Abstract

The fact that carotid atherosclerosis is the most common cause of stroke, coupled with the exceptionally high levels of mortality, morbidity, and disability for stroke events, places a valid risk stratification for the disease among the major public health challenges. The unique features of ultrasound imaging have established it as the cornerstone in the diagnosis and monitoring of carotid atherosclerosis, while ultrasound has also demonstrated a substantial potential in providing novel, automated, risk markers, valuable in the diagnosis, evaluation, and treatment selection for the disease. This chapter aims to leverage the use of kinematic analysis from B-mode ultrasound toward a better understanding of the mechanical phenomena taking place in atherosclerotic carotid arteries, recognizing the vulnerable carotid plaque, and studying potential different kinematic phenotypes of the disease. To this end, we first present a comprehensive framework for quantifying the kinematic activity of the arterial wall from B-mode ultrasound images of the carotid artery in terms of spatiotemporal indices and spatiotemporal patterns.

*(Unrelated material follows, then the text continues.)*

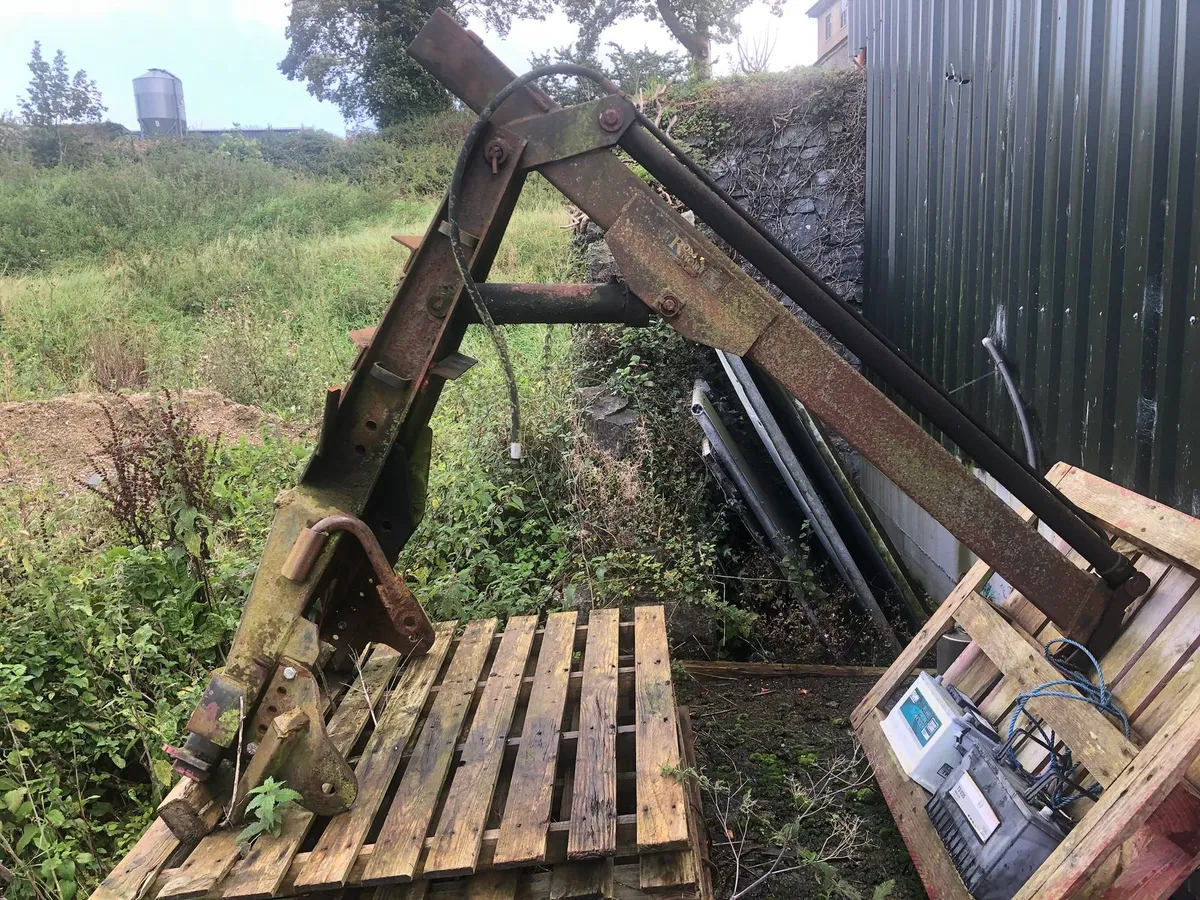 Fert bag hoist - Image 2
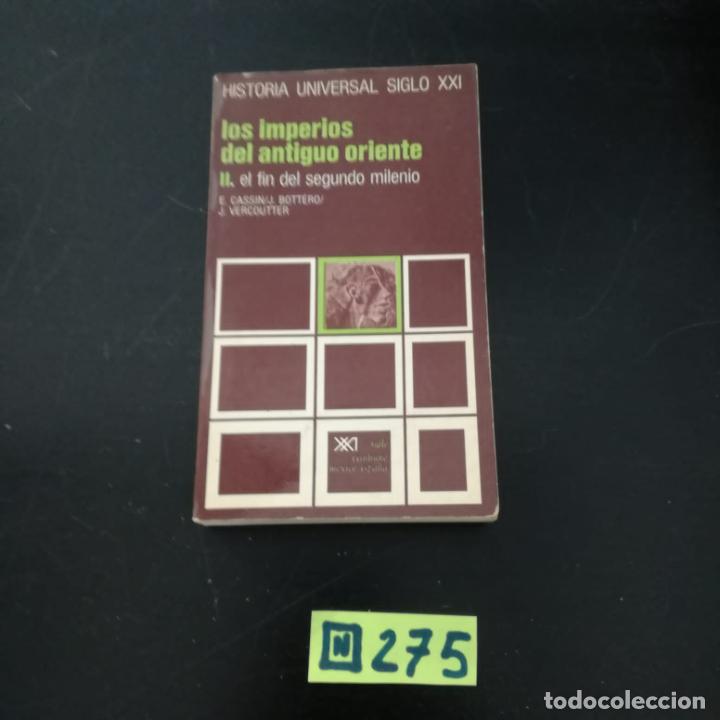 Libros de segunda mano: Los imperios del antiguo oriente - Foto 1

We then apply this framework to retrospectively collected data of patients with carotid atherosclerosis, and we show that: (a) motion analysis from ultrasound imaging is able to effectively quantify bilateral asymmetries in the carotid artery which may arise by differences in mechanical and anatomical characteristics, (b) both spatiotemporal indices and spatiotemporal patterns have substantial capacity in discriminating symptomatic from asymptomatic patients with carotid atherosclerosis, and (c) motion analysis may prove valuable in elucidating different imaging phenotypes of the disease associated with the extent (size) of the atherosclerotic plaque.